[Cryptography] canonicalizing unicode strings.

Wed Jan 31 11:49:21 EST 2018

On Wed, Jan 31, 2018 at 05:04:18PM +0800, jamesd at echeque.com wrote:
> On 31/01/2018 08:06, Nico Williams wrote:
> >Algorithms for detection of homoglyph identifiers that match existing
> >ones is a more urgent need.
>
> Attempts to restrict people to only using one script in an identifier are
> not going to fly,

That's why I did not propose that :)

>                   but if someone uses more than one script, we need to check
> against all potentially conflicting identifiers for homoglyphs.

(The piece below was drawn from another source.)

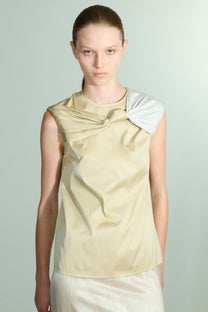 VICKTEERUT Sleeveless Blouse with Drape Detail เสื้อแขนกุด ตกแต่งเดรป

And even if they use just one script.  Remember that 'l' and '1' look
similar in many fonts, and those are just in the plain old ASCII range.

Mixing Latin ligatures with Latin non-ligatures is not mixing scripts
either.

Diacritic marks can make confusable characters too.

> To efficiently check for homoglyphic identifiers, have to canonicalize all
> homoglyphs -

For string hashing, in particular, but for string hashing one admits
collisions, so one can choose to be very liberal in "canonicalizing"
characters for string hashing.  The biggest problem for string hashing
is that the hashing algorithm needs to be stable for persistent storage
(but can't be), so storage formats need to be able to version string
hashing.

> And no official list of homoglyphs, or official software to canonicalize
> them.

There is, actually.  See UTS#39.  I expect the confusables.txt file to
grow over time, not least because Unicode is not closed to new scripts.

Nico
--